- Source material:

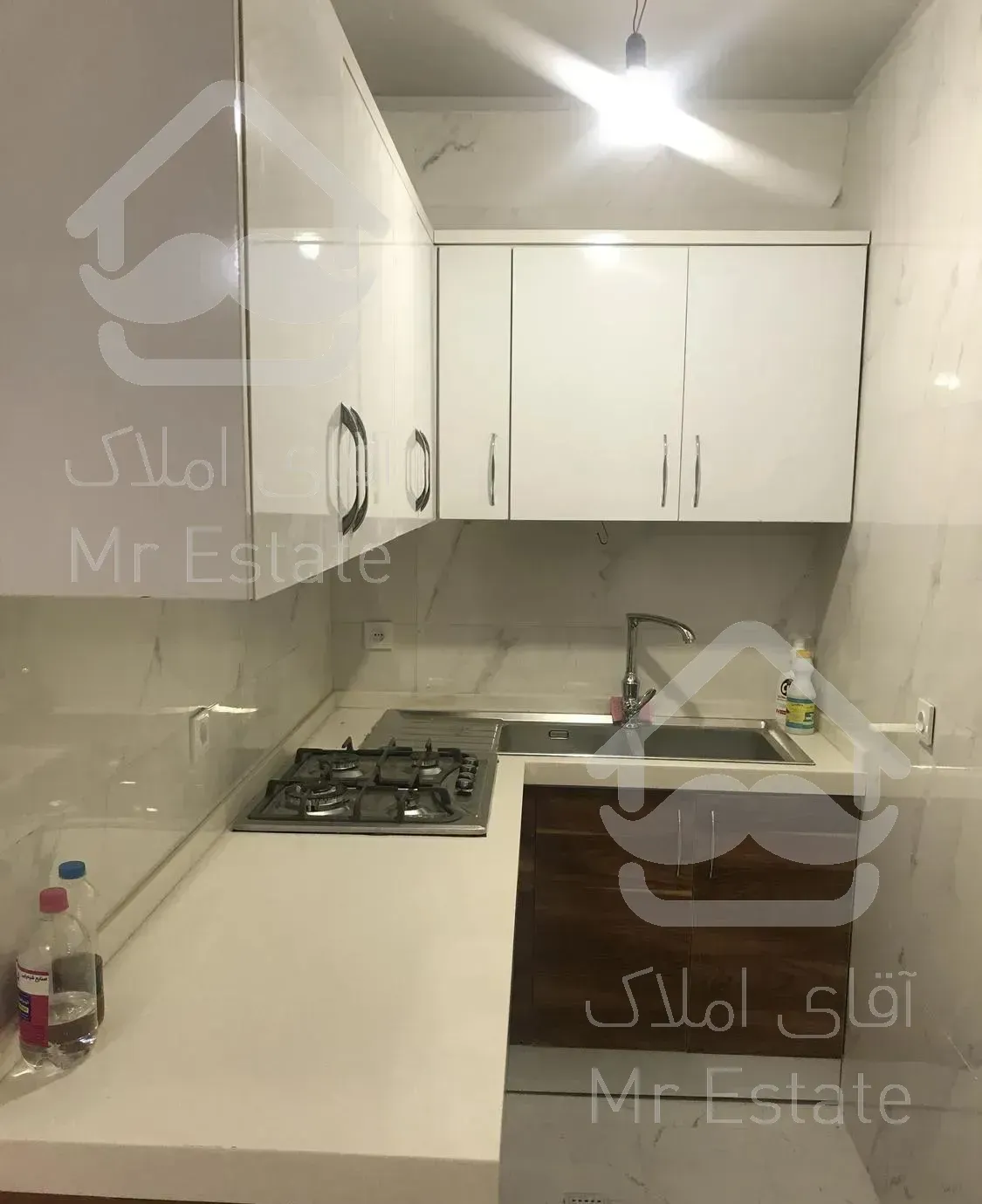 آپارتمان ۹۵ متر نبش جمالو ۳۵ متری استقلال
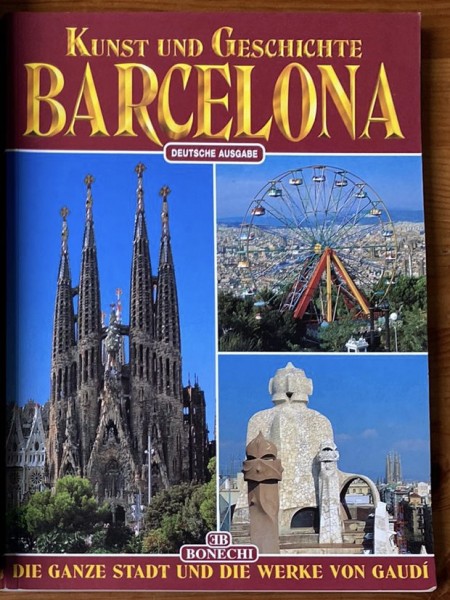 Barcelona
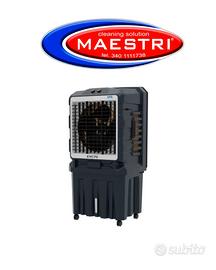 Raffrescatore evaporativo portatile KRS EVC70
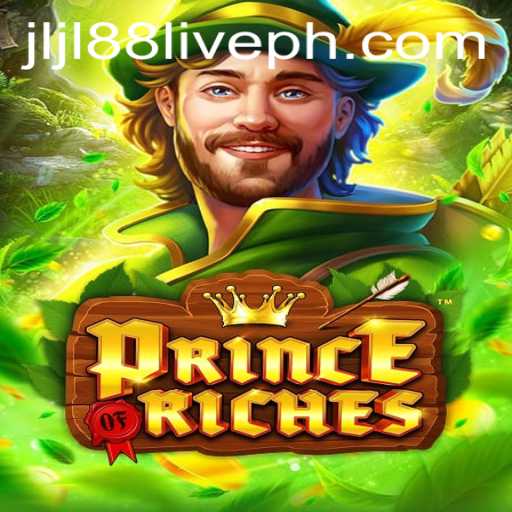 Discovering PrinceOfRiches: A Grand Adventure in Gaming
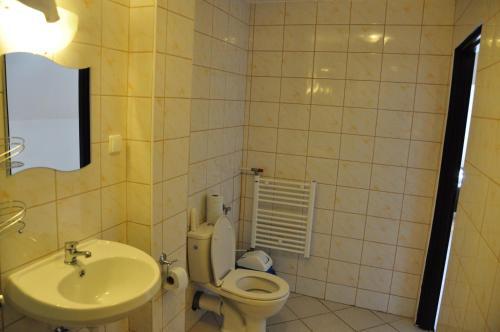 Ołowianka B&B by null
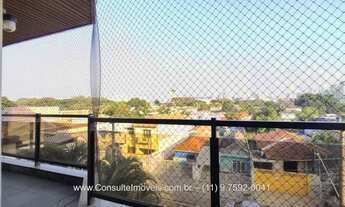 Imagem 2: Apartamento em Rua Aliança Liberal, 622 - Vila Leopoldina, 4 quartos, 3 vagas, dep, Maison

- Exercise details: Please output every record above exactly as written, leaving out the pictures.

- Task result:
 آپارتمان ۹۵ متر نبش جمالو ۳۵ متری استقلال
 Barcelona
 Raffrescatore evaporativo portatile KRS EVC70
 Discovering PrinceOfRiches: A Grand Adventure in Gaming
 Ołowianka B&B by null
 Imagem 2: Apartamento em Rua Aliança Liberal, 622 - Vila Leopoldina, 4 quartos, 3 vagas, dep, Maison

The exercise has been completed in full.